# [Problem requirements]
The whole listing, pictures aside, should be reproduced exactly.

# [Exercise data]

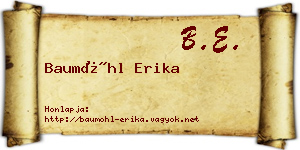 Baumöhl Erika névjegykártya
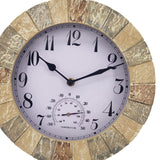 Maxbell Outdoor Hanging Clock Waterproof Temperature Display for Living Room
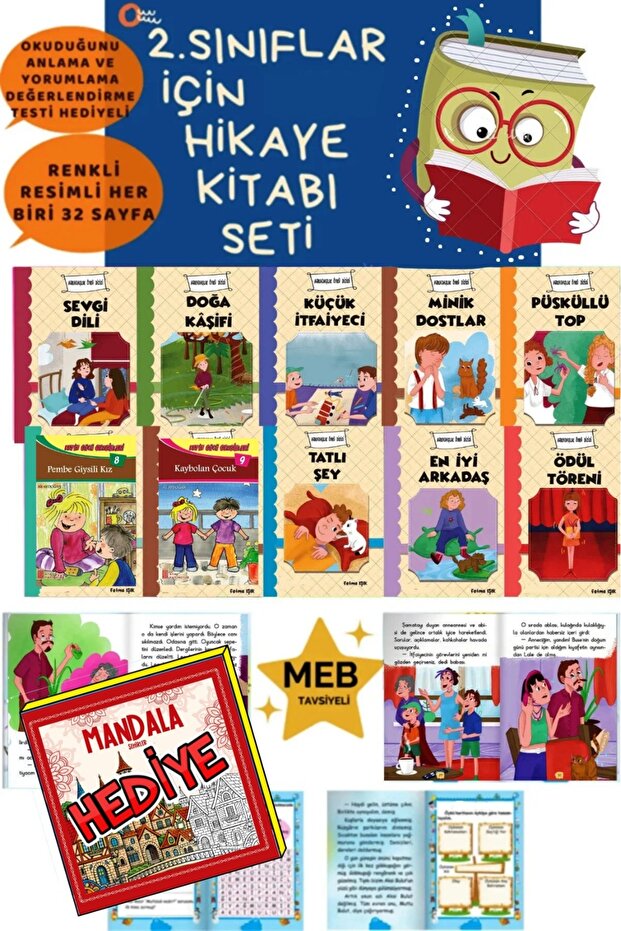Reading Book for Second Grade Students Mixed Story Set Harry Ata öykü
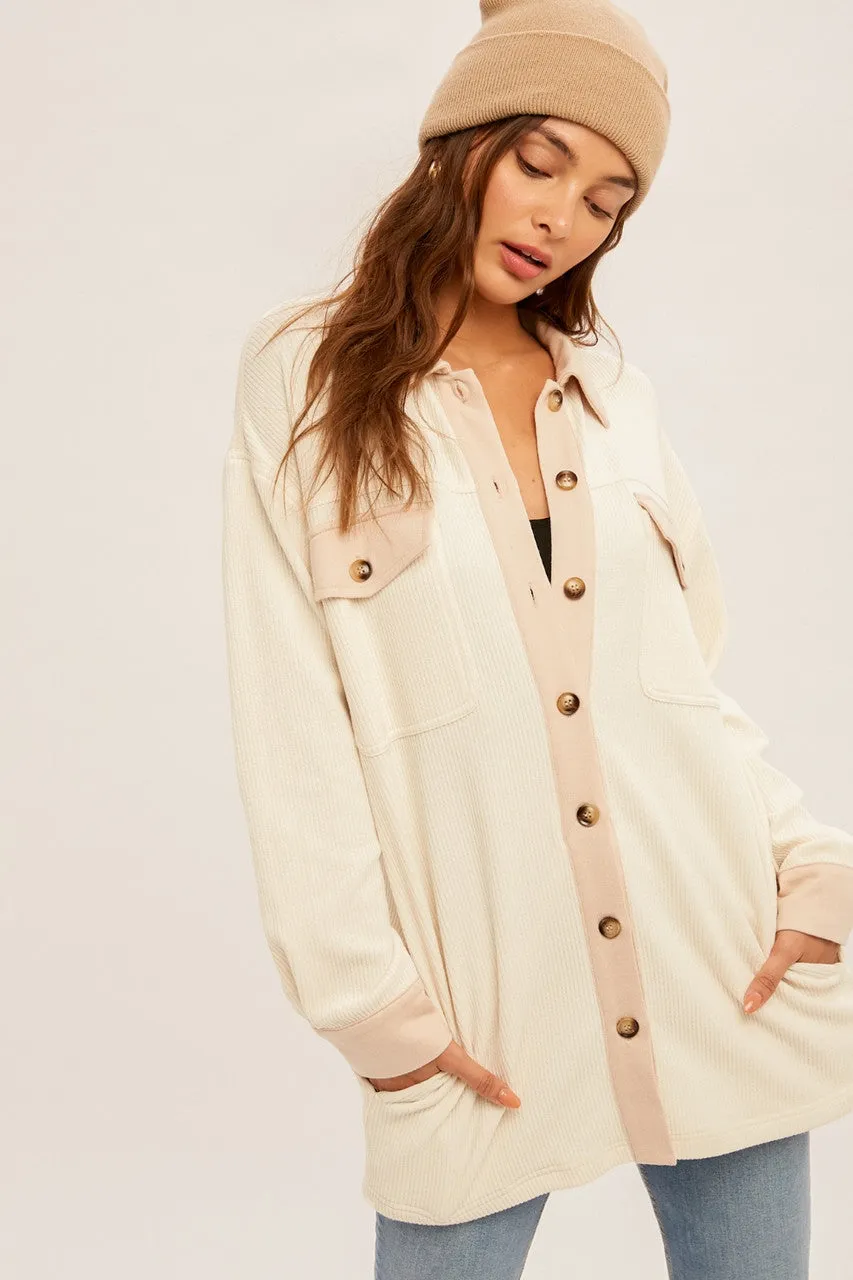 Hem & Thread Ribbed Button Up (L)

# [Expected output]
 Baumöhl Erika névjegykártya
 Maxbell Outdoor Hanging Clock Waterproof Temperature Display for Living Room
Reading Book for Second Grade Students Mixed Story Set Harry Ata öykü
 Hem & Thread Ribbed Button Up (L)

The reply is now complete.